When bruising 6’1”, 210 lb Fullback Felix “Doc” Blanchard arrived in New York for the fall of 1944 he had already turned heads as a freshman at North Carolina. Blanchard was no boy at age 22, whereas few of the players on teams Army faced were older than 19. The young man who shared accolades with Blanchard in Army’s great backfield, Glenn Davis, was a genuine freshman. A high school sensation in several sports, the lean and lanky Californian headed to West Point as the leading scorer and yardage rusher in his home state.

Facing weakened opposition squads and playing behind the blocking of an equally stacked and mature line the Army backfield exploded on all comers.

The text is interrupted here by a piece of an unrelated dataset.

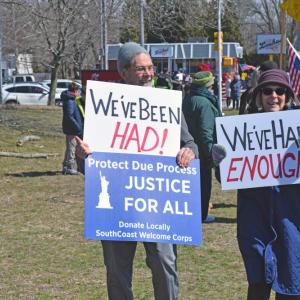 A couple shows off their signs.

The Cadets were simply loaded. 6’3”, 220lb monster tackle DeWitt Coulter (a product of Fort Worth’s famed Masonic Home “Mighty Mites”) would go on to notoriety in the professional game with the New York Giants after the war. He, too, was in his mid-twenties. Even though Blaik generally benched his better players after securing an insurmountable lead, refusing to increase the deficit unnecessarily, Army struggled to not score. After having not scored on Notre Dame at all since 1938, two lopsided shut-outs in 1944 and 1945 amounted to 107-0. Army gave up only 35 points in 1944, scoring less than 46 on only two occasions. The following season they allowed only 46 points all year while recording five shut-outs.

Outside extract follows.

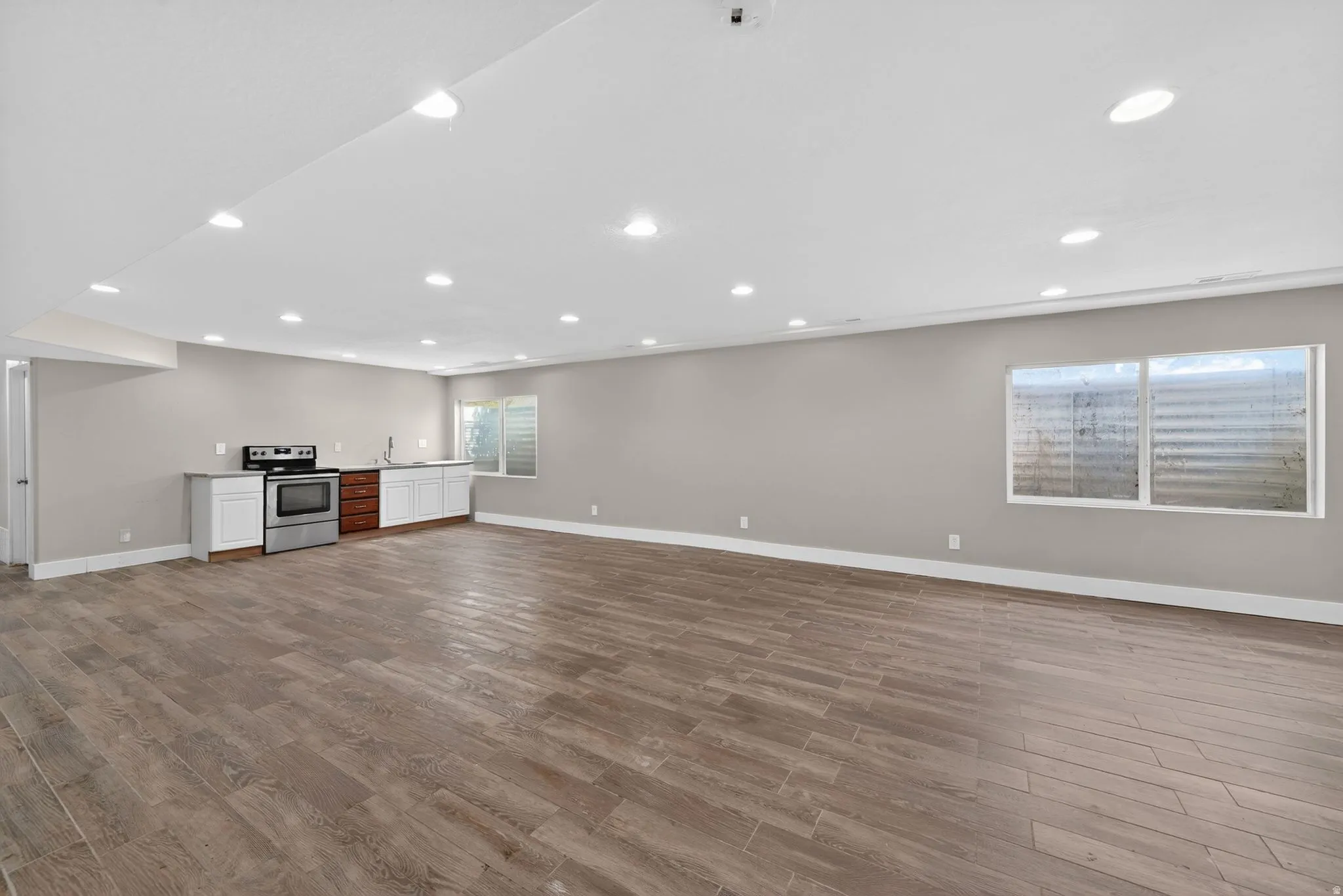 Expansive room featuring wood-finish flooring, recessed ceiling lighting, and neutral wall tones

In the fall of 1946 veteran players returned from the war looking to avenge the heavy losses the Cadets had handed their schools in their absence. But Army’s dominance continued. Certainly the margins began to narrow a little. Michigan gave a scare as Army needed a grueling 77 yard scoring drive in the fourth quarter to finally wrestle momentum from the Wolverines and secure a 28-13 win at the Big House. But the huge shut outs continued over Oklahoma, Cornell, Villanova and West Virginia. The only blemish on the record of Blaik’s great war-era teams came on November 9th at Yankee stadium, as 60,000 expectant fans witnessed the now infamous scoreless tie with Notre Dame. That game would have been an Army victory as well, but for one last-ditch open field tackle by Notre Dame’s legendary, versatile All-American back Johnny Lujack. Blanchard had broken from the crowd and with nothing but Lujack and 40 yards of daylight between him and the goal a touchdown seemed the most likely outcome. Instead, a perfectly timed and doggedly executed tackle at the knees left Blaik’s record for 1944-46 a not-quite perfect 26-0-1.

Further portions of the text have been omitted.